C’est tout de même drôle, le brunch des dimanches matin…
Un brunch au Trianon Palace promet d'être une expérience mémorable. Partout dans le monde, chacun a sa manière d'appréhender le dimanche. Certains préfèrent la prière, d'autres se blottissent sous leur couverture. Mais pour les plus chanceux, le rituel est le même : se retrouver dans l'un des palaces locaux. Ce lieu attire un mélange hétéroclite de clients : célibataires exhibant leurs voitures, familles en quête de réconciliation, noctambules à peine réveillés. Cette agitation crée une ambiance charmante et cocasse.
À Versailles, dans un cadre enchanteur
Nous voilà donc au Trianon Palace de Versailles, un lieu où luxe et élégance sont à chaque coin. L'arrivée est impressionnante, la galerie raffinée, et il n'est pas rare d'apercevoir des célébrités, comme Bertrand Burgalat et Vanessa Seward, la directrice artistique de la maison Azzaro. On a l'impression d'entrer dans les pages d'un magazine de mode. Les petites filles, habillées comme des princesses, affichent des sourires radieux, tandis que leurs mamans, chic dans leurs bottes et jeans, s'occupent de leurs maris, déguisés en adolescents fatigués.
Une formule à 55 € avec un buffet déconcertant
La formule brunch est affichée à 55 €, les boissons en supplément. Autour du buffet, les convives semblent hésitants, comme des clients de supermarché. Les adeptes des régimes seront ravis, car les plats sont peu engageants. On trouve des verrines de gambas sur une salade insipide, et des fruits servis dans des coques en plastique. Quant au cappuccino, il est tiède, et le jus de pommes, quant à lui, est un désastre désolant.

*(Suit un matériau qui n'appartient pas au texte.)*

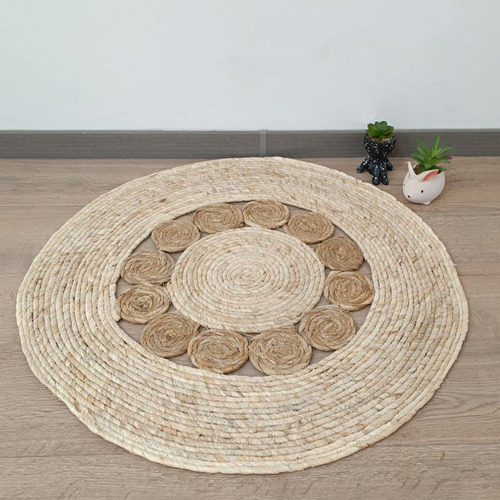 Alfombra De Fibra Natural, Modelos Variados Ancho 80 Cm Color Mod 97 Diseño De La Tela Circular Largo 80 Cm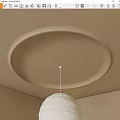 Modern Circular Ceiling Design With Pendant Light In Minimalist Room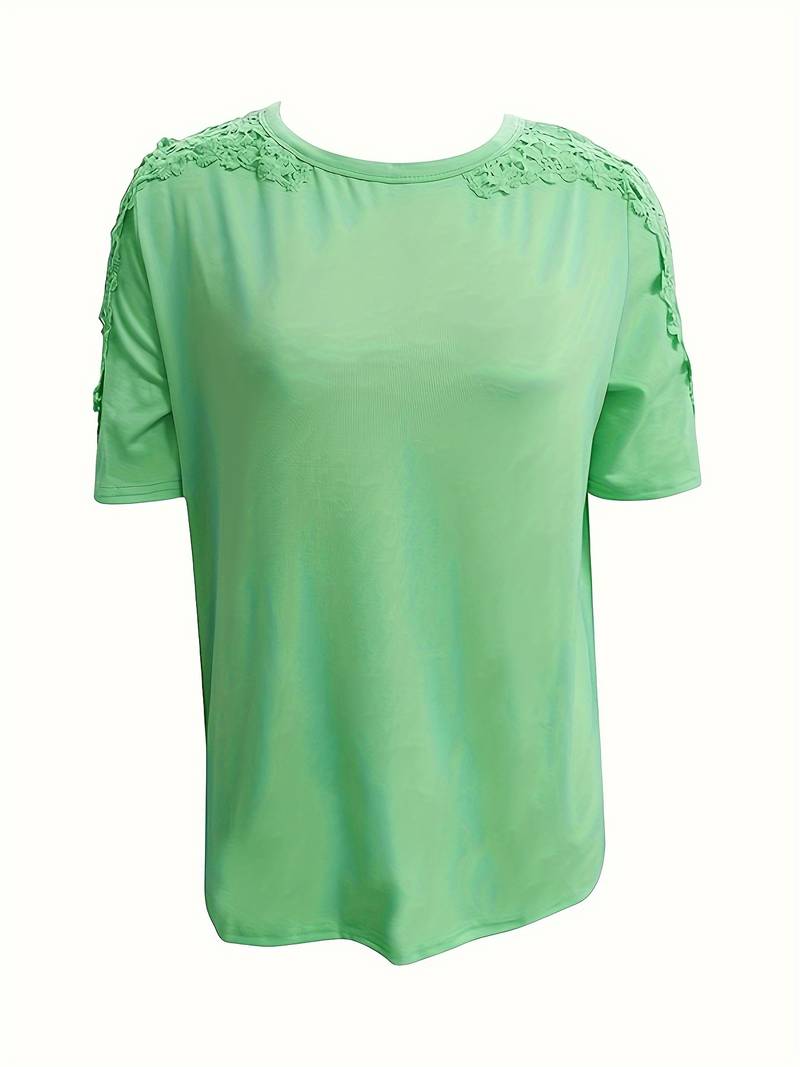 R&B | Unifarbiges T-Shirt mit Rundhalsausschnitt und Spitzennaht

Un moment convivial malgré tout
Malgré cela, l'ambiance reste joyeuse. Les enfants courent dans tous les sens, tandis qu'un autre se frotte les mains sur les rideaux en soie. Les grands-mères échangent des propos désuets, ignorées par ceux qui les entourent. Les légumes du wok semblent perdre leur attrait, tandis qu'une mousse au chocolat résiste avec dignité sur son lit de biscuit. À l'extérieur, le temps est encore clément, et les rires fusent dans le taxi du retour, qui s'arrête brusquement : on a oublié les valises sur le parvis du palace.